> EXERCISE DESCRIPTION
Any picture in the material should be left out, while all other lines are copied exactly.

> INFORMATION SUPPLIED
━━━━━━━━━━━━━━━━━━━━
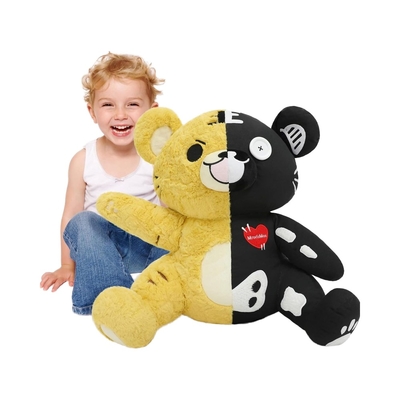 MorisMos Unisex Large Skeleton Teddy Bear Goth Plush Toy Stuffed Bear Birthday Party Decor Kids Adults Mother's Day Holiday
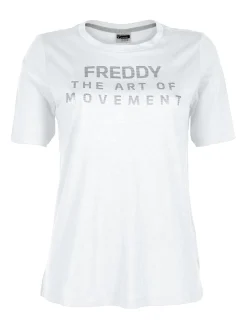 Freddy T-shirt manica corta con scritta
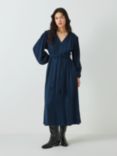 AND/OR Emily Belted Dress, Denim Blue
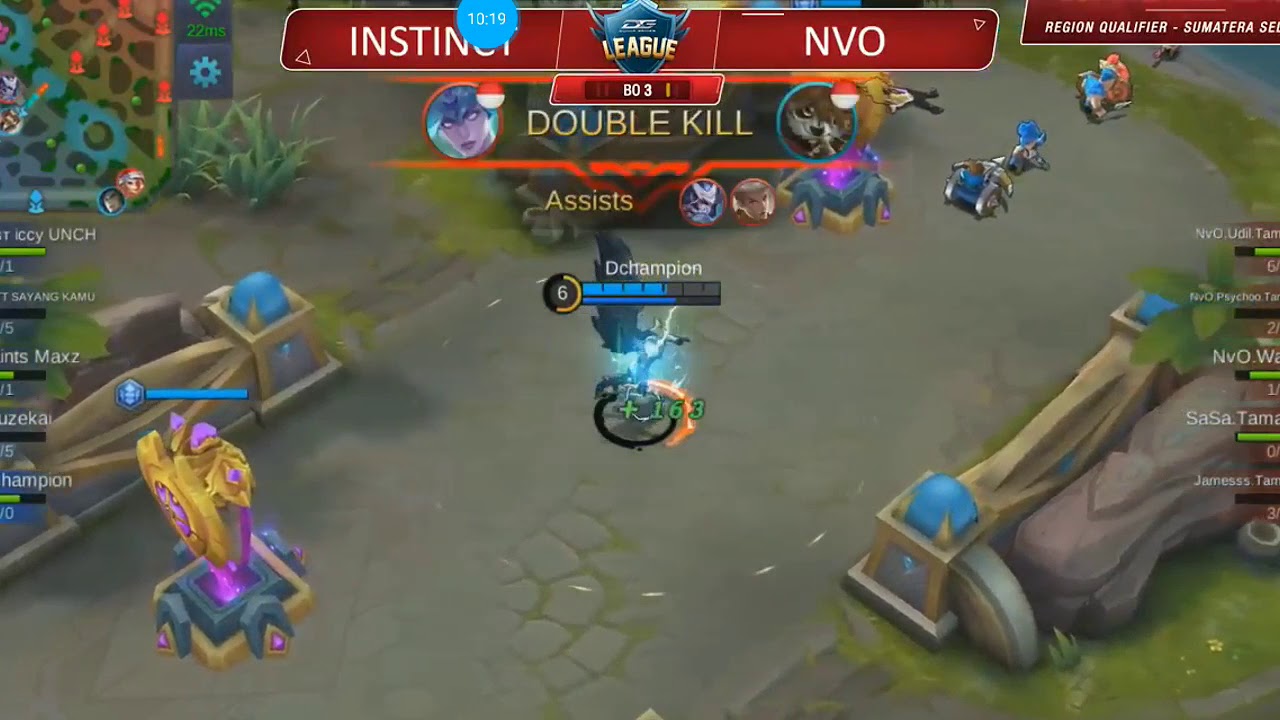 Lord Udil Savage 4 Kali Final Qualifier Dunia Games League Region Sumsel Nv Onic vs Instinc Match 2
━━━━━━━━━━━━━━━━━━━━
> ANSWER SECTION
 MorisMos Unisex Large Skeleton Teddy Bear Goth Plush Toy Stuffed Bear Birthday Party Decor Kids Adults Mother's Day Holiday
 Freddy T-shirt manica corta con scritta
 AND/OR Emily Belted Dress, Denim Blue
 Lord Udil Savage 4 Kali Final Qualifier Dunia Games League Region Sumsel Nv Onic vs Instinc Match 2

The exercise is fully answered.